Effect of Sm2O3 on microstructure, thermal shock resistance and thermal conductivity of cordierite-mullite-corundum composite ceramics for solar heat transmission pipeline

Abstract

Cordierite-mullite-corundum composite ceramics for solar heat transmission pipeline were fabricated via pressureless sintering at a low sintering temperature with added Sm2O3. The effects of Sm2O3 on sintering behaviors, mechanical property, phase transformation, microstructure, thermal shock resistance and thermal conductivity of the composite ceramics were investigated. TEM analysis results demonstrated that Sm3+ located in glass and grain boundaries to facilitate the densification via the liquid-phase sintering mechanism and improve bending strength by grain refinement, respectively. Proper addition (3wt%) of Sm2O3 could promote the crystallization of cordierite, and improve thermal shock resistance of the composite ceramics with an increasing rate of 16.70% for bending strength after 30 thermal shock cycles (air cooling from 1100°C to RT).
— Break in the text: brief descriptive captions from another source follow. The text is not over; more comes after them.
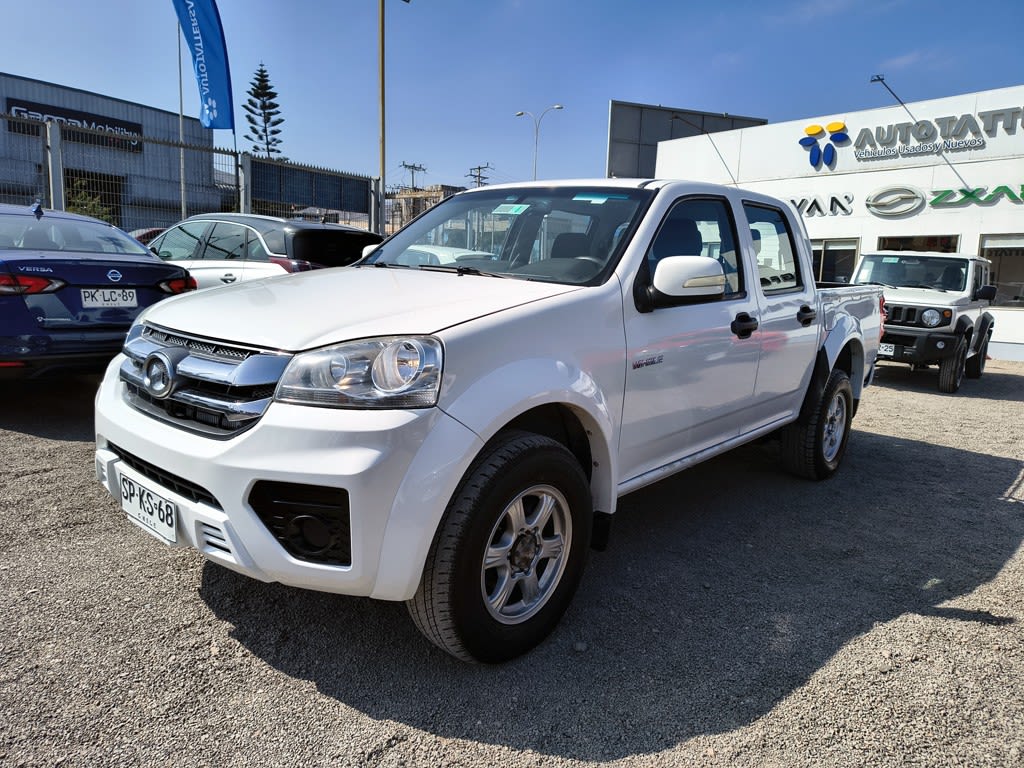2023 Great Wall Wingle 5 2.0 - Imagen 1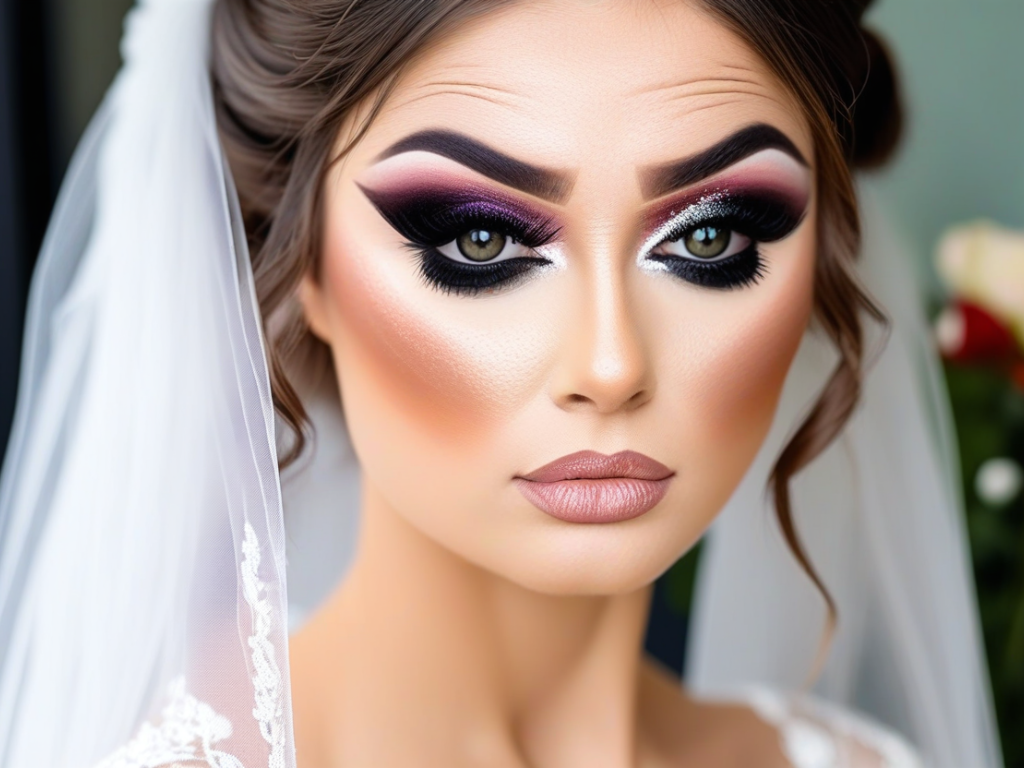 Bridal Makeup Mistakes to Avoid on Your Big Day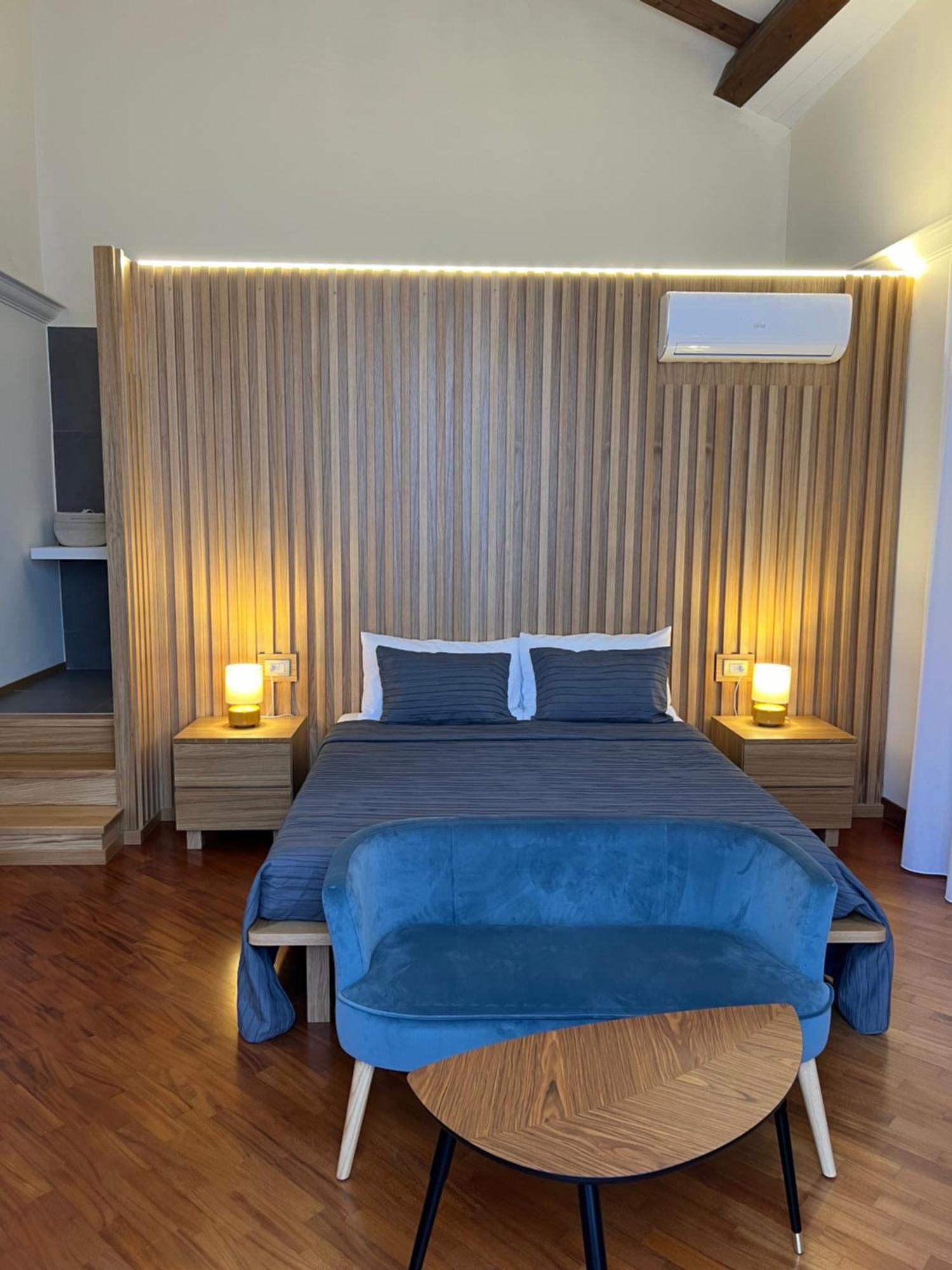 Apartmán Dimora Bellini CTA Exteriér fotografie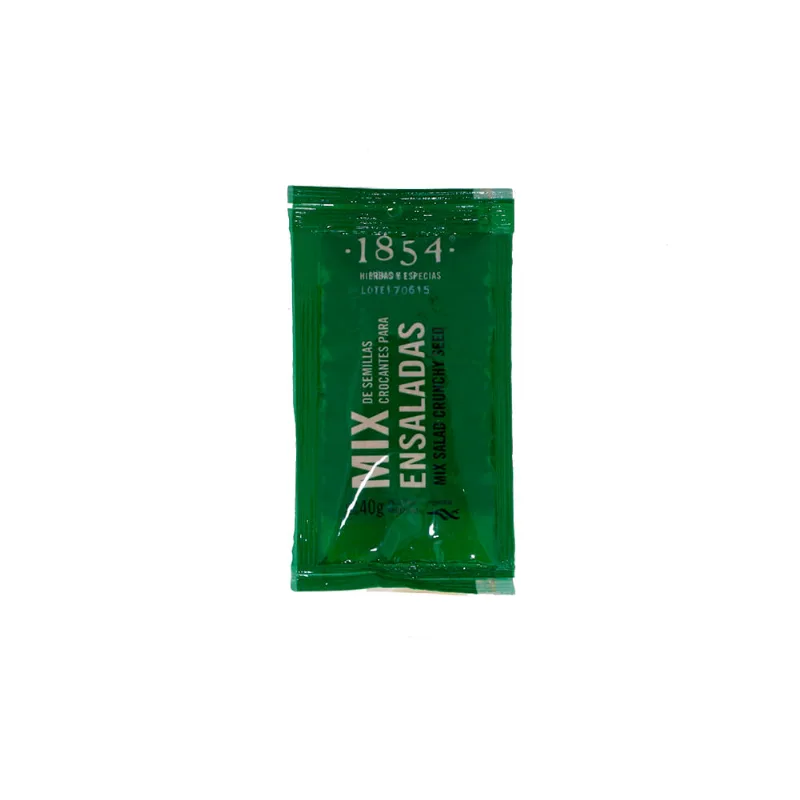 Mix De Semillas Para Ensalada 1854 40 Gr
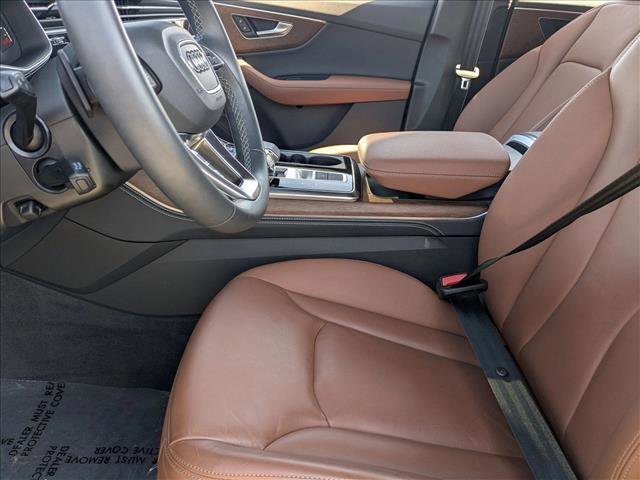 Certified 2025 Audi Q7 2.0T Premium Plus w/ Premium Plus Package image 15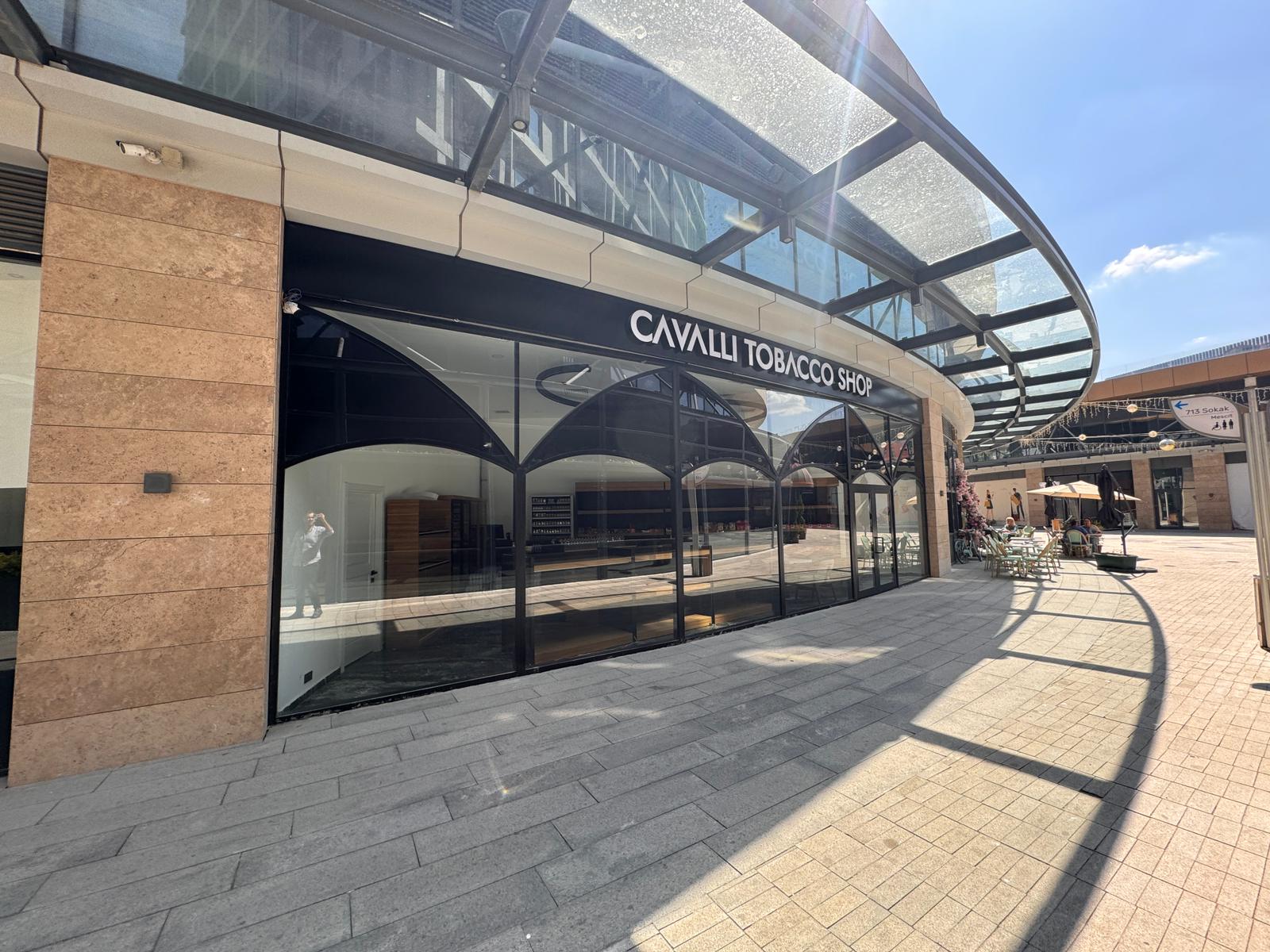 Çağlar Toğal ve Furkan Akboy’un İşbirliği ile Gece Hayatının Gözdesi Yeni Mekan: Cavalli Tabacco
The composite ceramics possessed a superior thermal shock resistance, where a large amount of particles were formed to suppress crack initiation and propagation during thermal shock. Cordierite-mullite-corundum composite ceramics with proper Sm2O3 addition (3wt%) had a lower thermal conductivity than that of composite ceramics without Sm2O3 addition by strengthening the scattering of phonon, which could reduce the heat loss during solar heat transmission process.